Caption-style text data
##############################
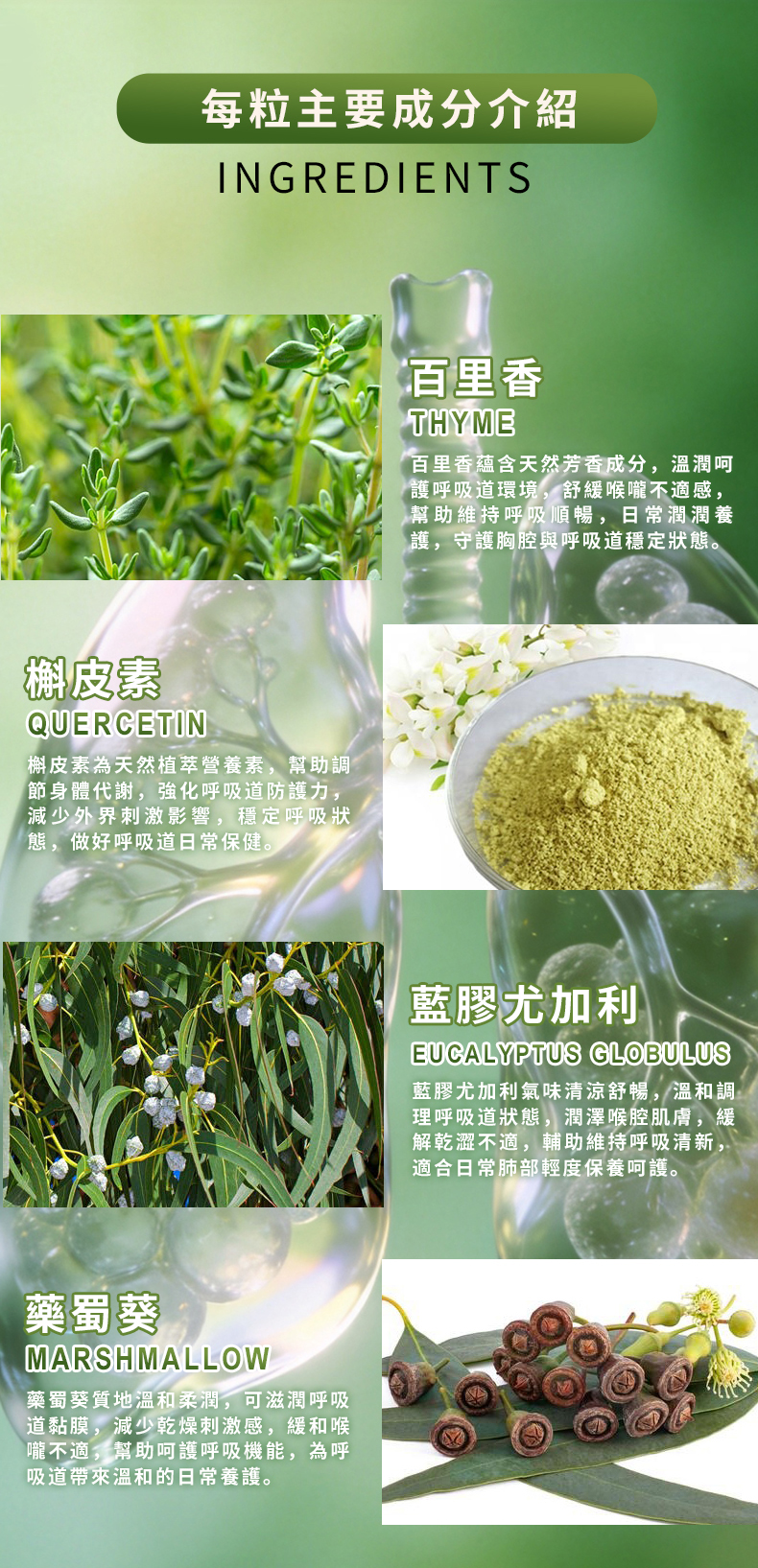 順氣靈 RESPIRATION CARE 詳情圖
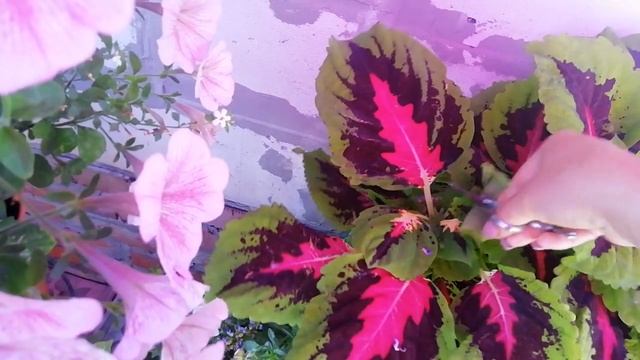 КАК ЦВЕТУТ КОЛЕУСЫ.ЧТО ДЕЛАТЬ С СОЦВЕТИЯМИ. смотреть онлайн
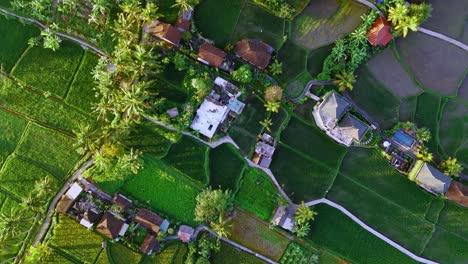 Una-Vista-Aérea-Desde-Arriba-De-Los-Hermosos-Campos-De-Arroz-Fotografiados-Por-Un-Dron-En-Bali,-Indonesia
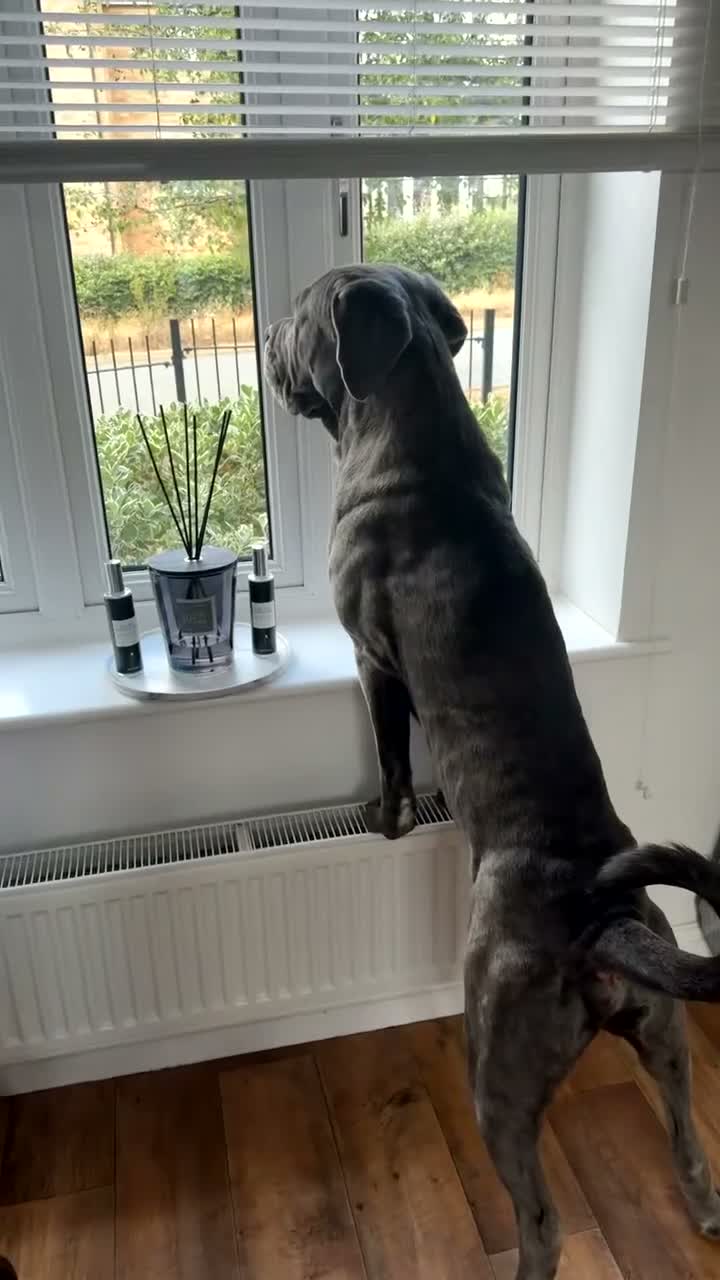 Neapolitan Mastiff dogs for stud: 🐾 STUD AVAILABLE 🐾 - Video 2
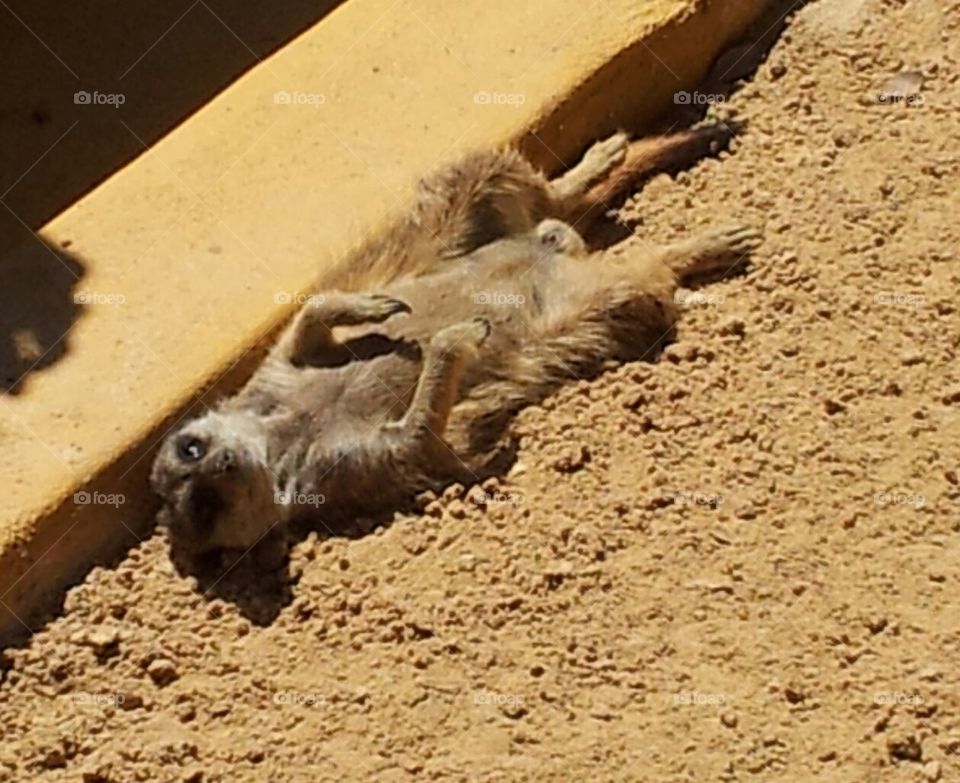 Sunbathing Meerkat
##############################
ASSIGNED TASK:
Drop the pictures and set down the data above exactly.

EXPECTED ANSWER:
 順氣靈 RESPIRATION CARE 詳情圖
 КАК ЦВЕТУТ КОЛЕУСЫ.ЧТО ДЕЛАТЬ С СОЦВЕТИЯМИ. смотреть онлайн
 Una-Vista-Aérea-Desde-Arriba-De-Los-Hermosos-Campos-De-Arroz-Fotografiados-Por-Un-Dron-En-Bali,-Indonesia
 Neapolitan Mastiff dogs for stud: 🐾 STUD AVAILABLE 🐾 - Video 2
 Sunbathing Meerkat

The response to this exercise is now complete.